Collection entries
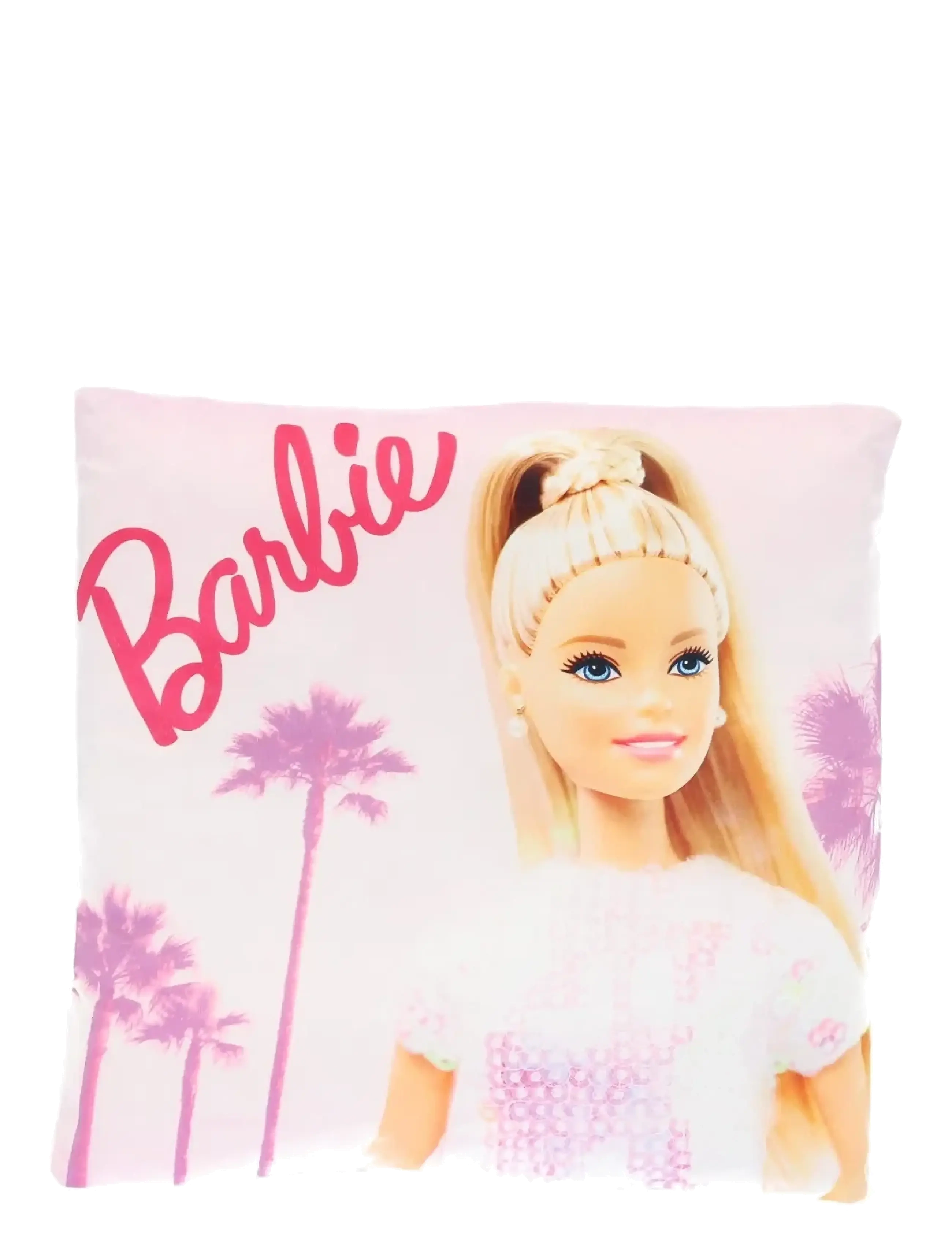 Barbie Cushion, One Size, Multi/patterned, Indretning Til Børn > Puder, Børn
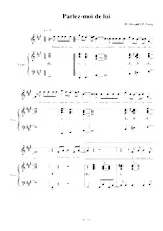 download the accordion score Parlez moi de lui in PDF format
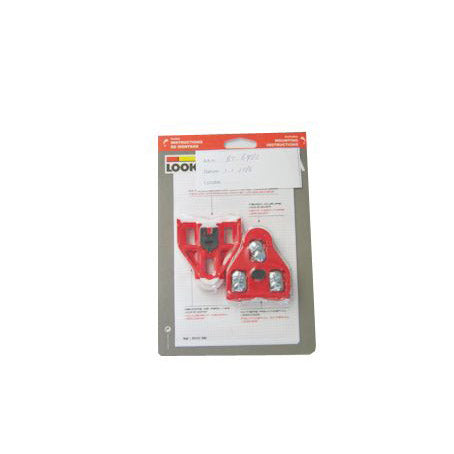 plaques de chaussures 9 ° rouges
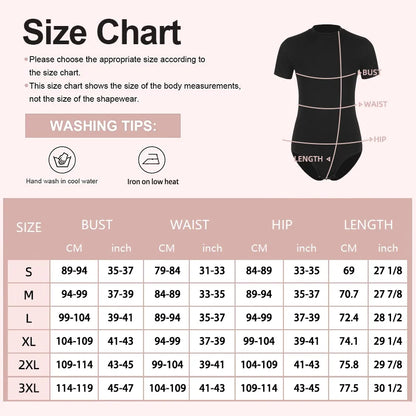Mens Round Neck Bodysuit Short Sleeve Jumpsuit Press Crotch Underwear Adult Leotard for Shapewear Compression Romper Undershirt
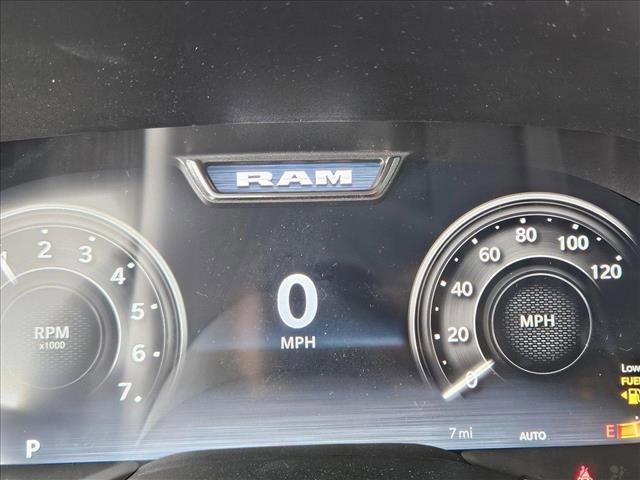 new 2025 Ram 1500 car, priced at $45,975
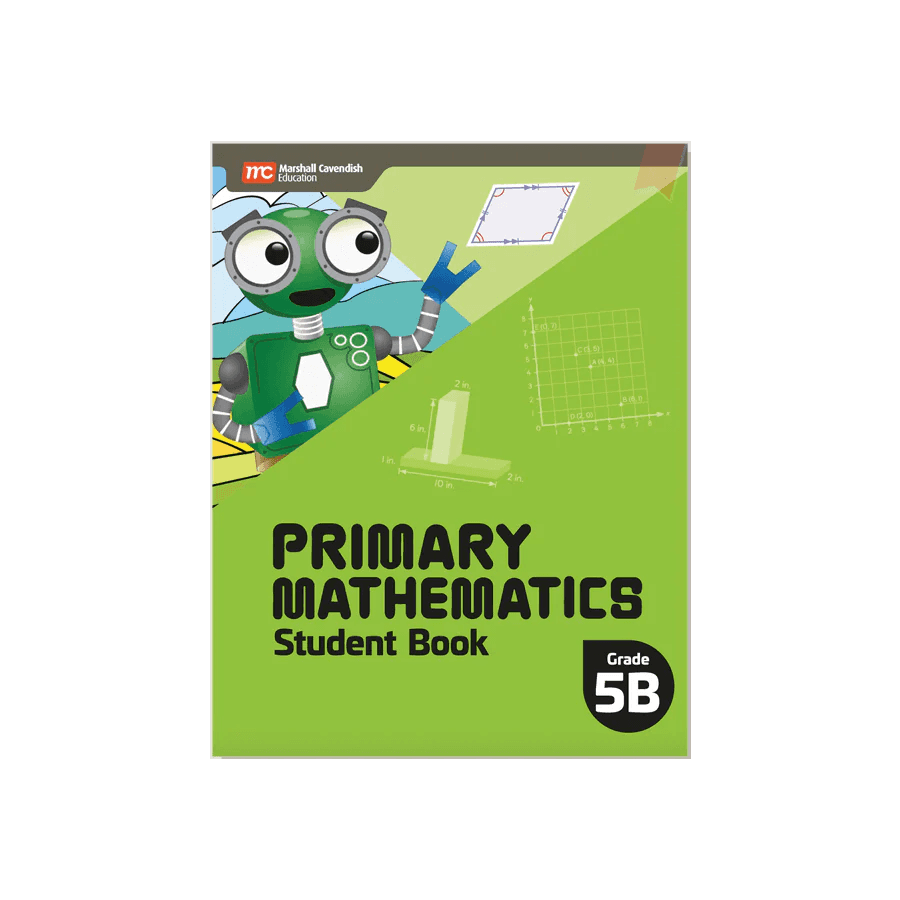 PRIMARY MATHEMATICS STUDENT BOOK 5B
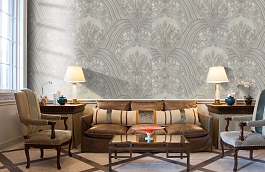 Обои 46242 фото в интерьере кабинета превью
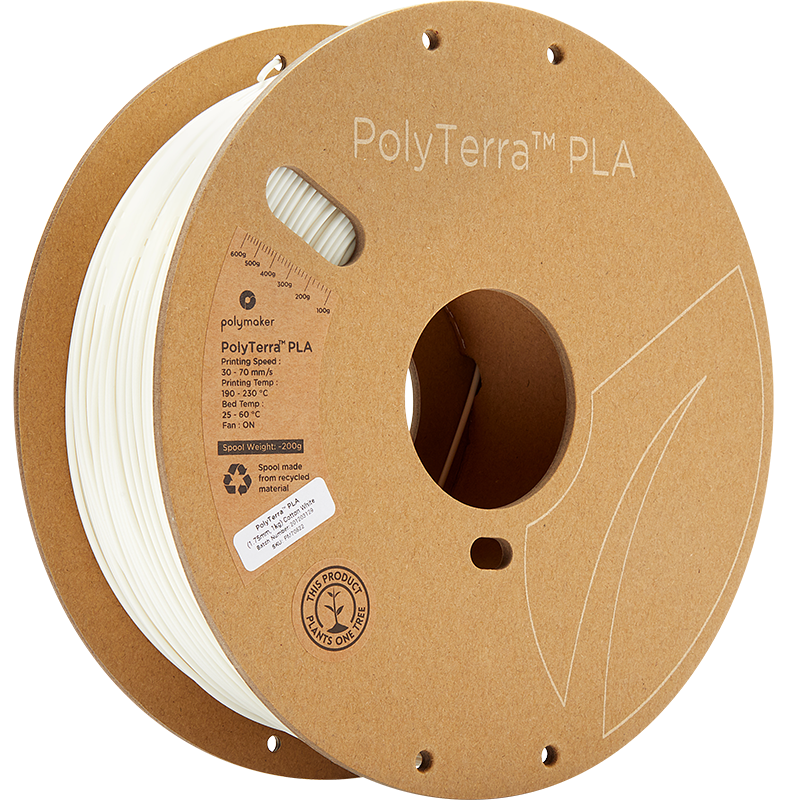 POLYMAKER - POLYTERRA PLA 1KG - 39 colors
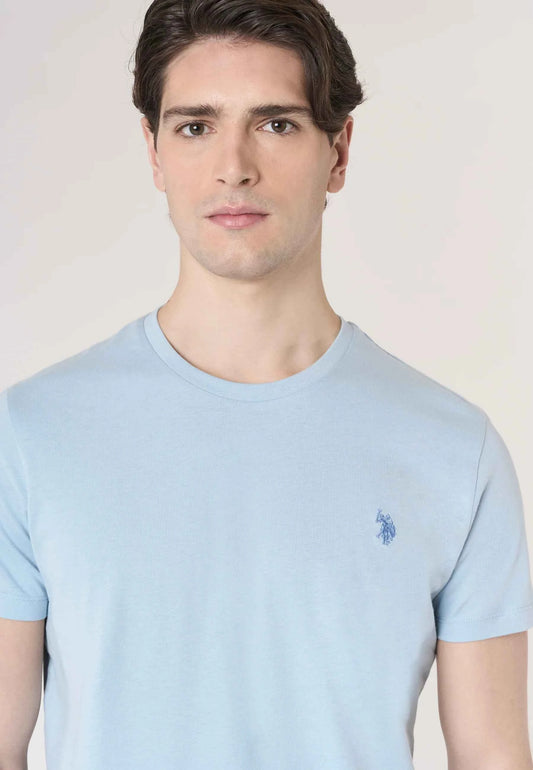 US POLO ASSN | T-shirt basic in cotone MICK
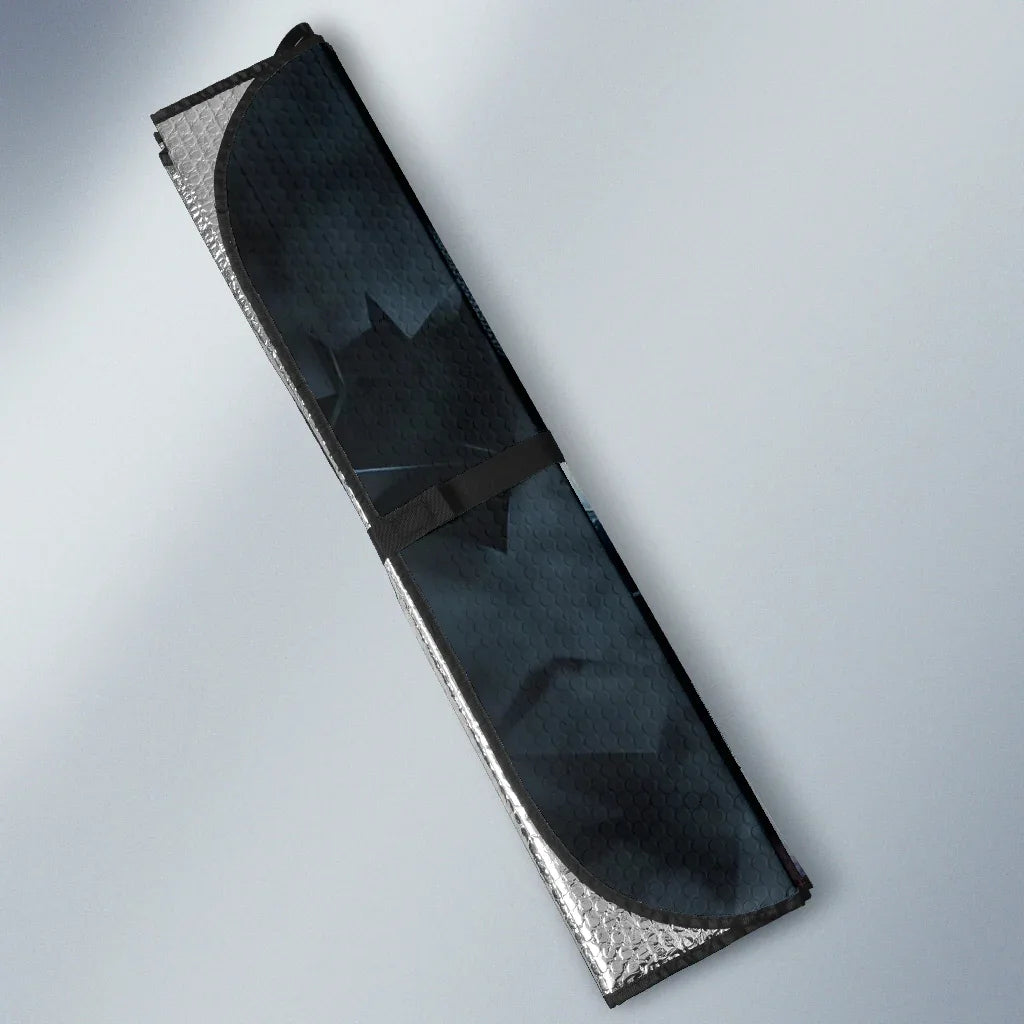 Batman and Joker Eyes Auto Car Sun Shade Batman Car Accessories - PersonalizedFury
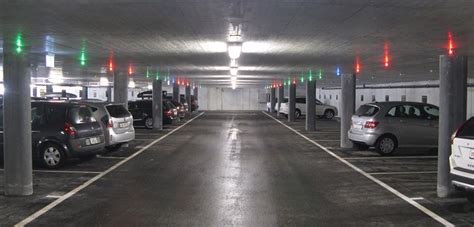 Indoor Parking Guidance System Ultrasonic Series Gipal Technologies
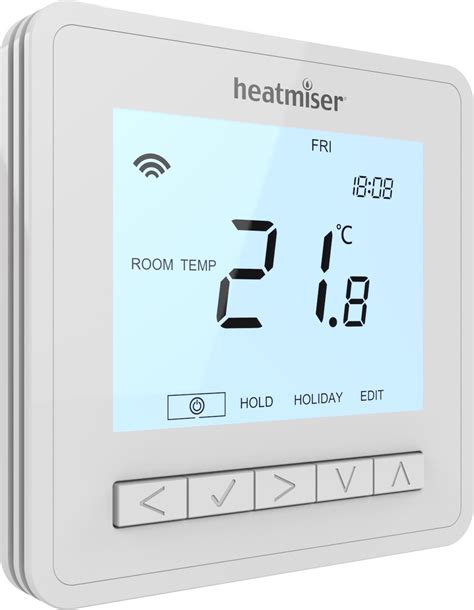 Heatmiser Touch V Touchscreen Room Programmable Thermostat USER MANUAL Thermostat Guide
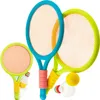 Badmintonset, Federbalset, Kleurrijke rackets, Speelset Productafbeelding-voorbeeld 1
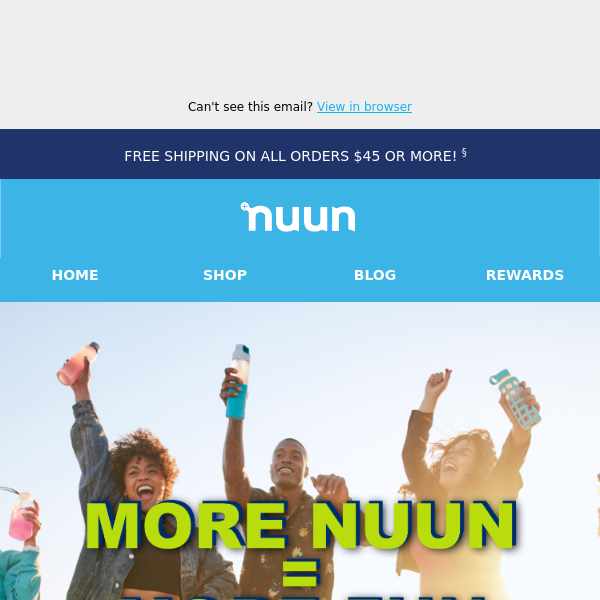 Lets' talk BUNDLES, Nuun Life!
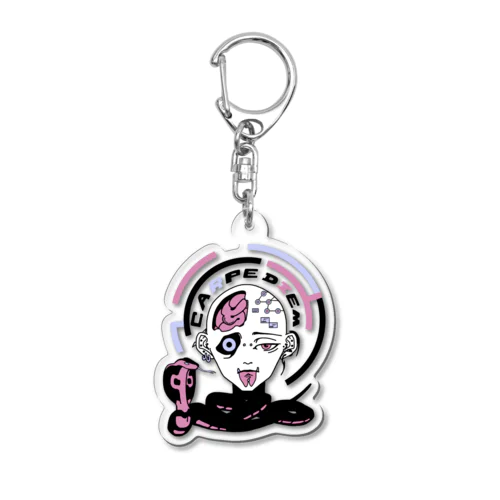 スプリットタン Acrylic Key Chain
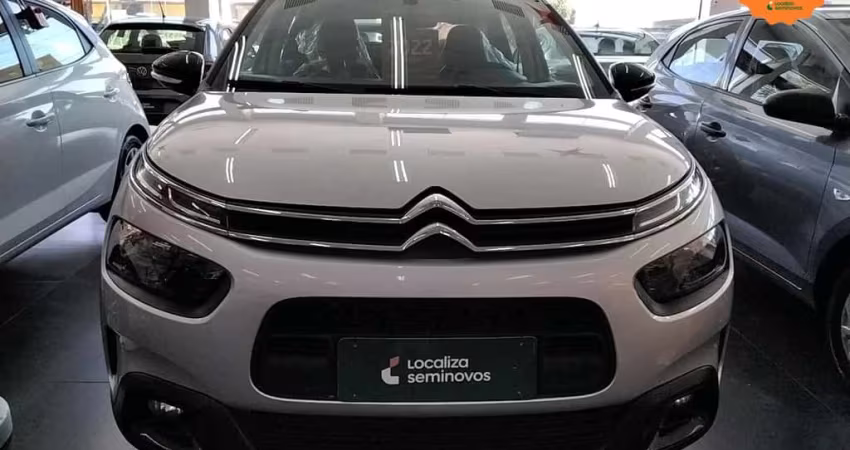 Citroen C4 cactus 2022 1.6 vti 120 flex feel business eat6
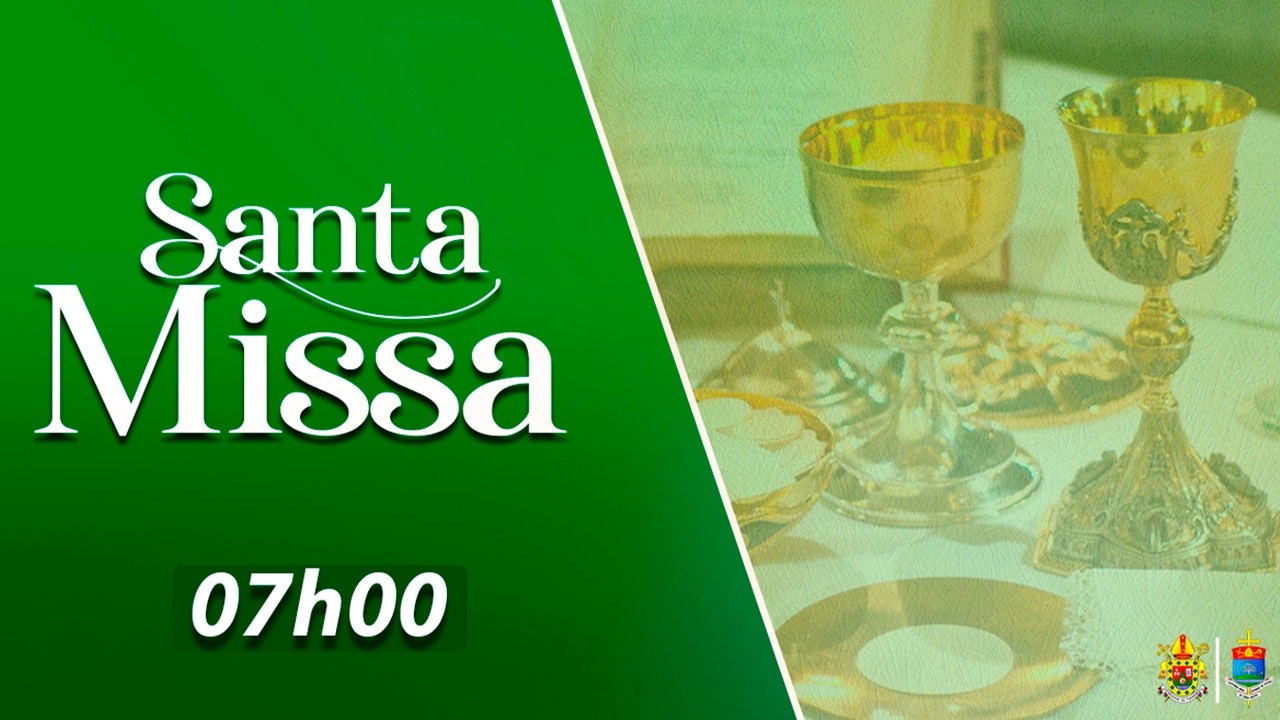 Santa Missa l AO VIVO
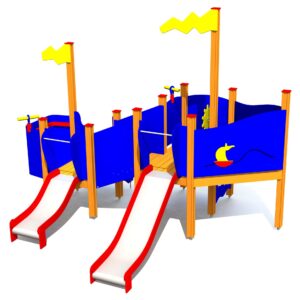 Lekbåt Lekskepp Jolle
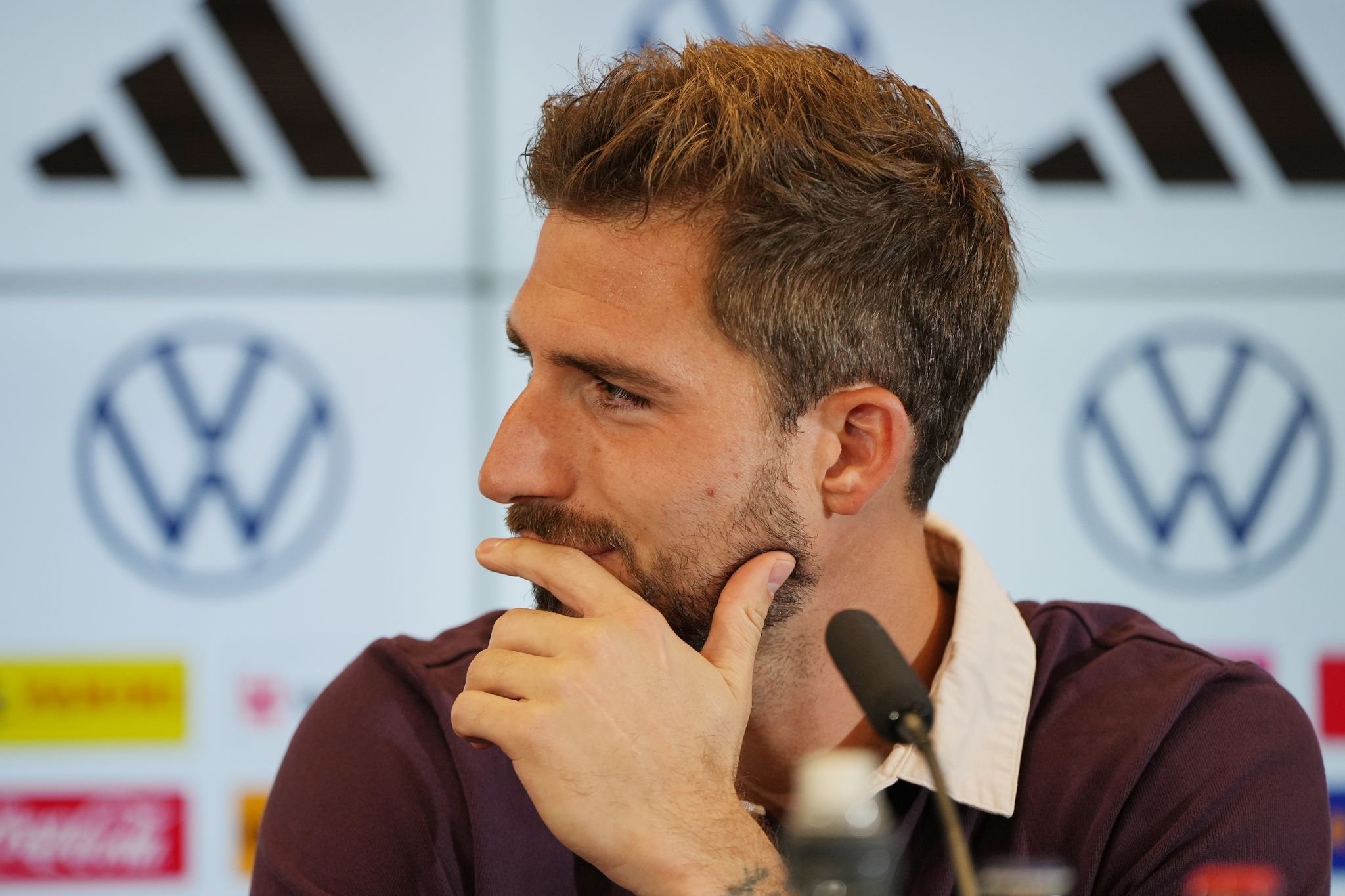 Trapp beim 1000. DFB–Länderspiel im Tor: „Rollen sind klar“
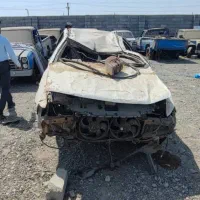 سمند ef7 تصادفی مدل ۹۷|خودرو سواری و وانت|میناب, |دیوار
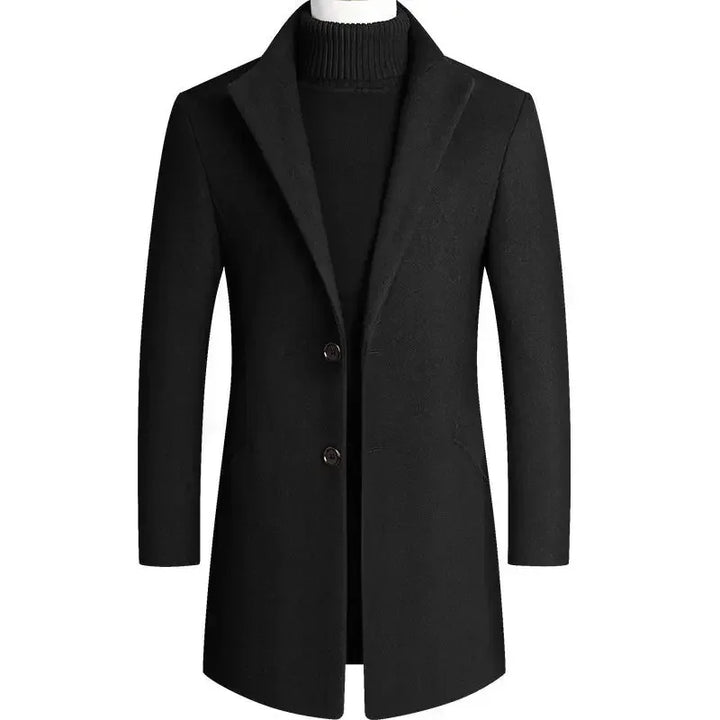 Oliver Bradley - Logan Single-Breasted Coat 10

GOAL OF THE EXERCISE: Return all records exactly as they stand above, except for pictures.

THE ANSWER:
 Barbie Cushion, One Size, Multi/patterned, Indretning Til Børn > Puder, Børn
 download the accordion score Parlez moi de lui in PDF format
 plaques de chaussures 9 ° rouges
Mens Round Neck Bodysuit Short Sleeve Jumpsuit Press Crotch Underwear Adult Leotard for Shapewear Compression Romper Undershirt
 new 2025 Ram 1500 car, priced at $45,975
 PRIMARY MATHEMATICS STUDENT BOOK 5B
 Обои 46242 фото в интерьере кабинета превью
 POLYMAKER - POLYTERRA PLA 1KG - 39 colors
 US POLO ASSN | T-shirt basic in cotone MICK
 Batman and Joker Eyes Auto Car Sun Shade Batman Car Accessories - PersonalizedFury
 Indoor Parking Guidance System Ultrasonic Series Gipal Technologies
 Heatmiser Touch V Touchscreen Room Programmable Thermostat USER MANUAL Thermostat Guide
 Badmintonset, Federbalset, Kleurrijke rackets, Speelset Productafbeelding-voorbeeld 1
 Lets' talk BUNDLES, Nuun Life!
 スプリットタン Acrylic Key Chain
 Citroen C4 cactus 2022 1.6 vti 120 flex feel business eat6
 Santa Missa l AO VIVO
 Lekbåt Lekskepp Jolle
 Trapp beim 1000. DFB–Länderspiel im Tor: „Rollen sind klar“
 سمند ef7 تصادفی مدل ۹۷|خودرو سواری و وانت|میناب, |دیوار
 Oliver Bradley - Logan Single-Breasted Coat 10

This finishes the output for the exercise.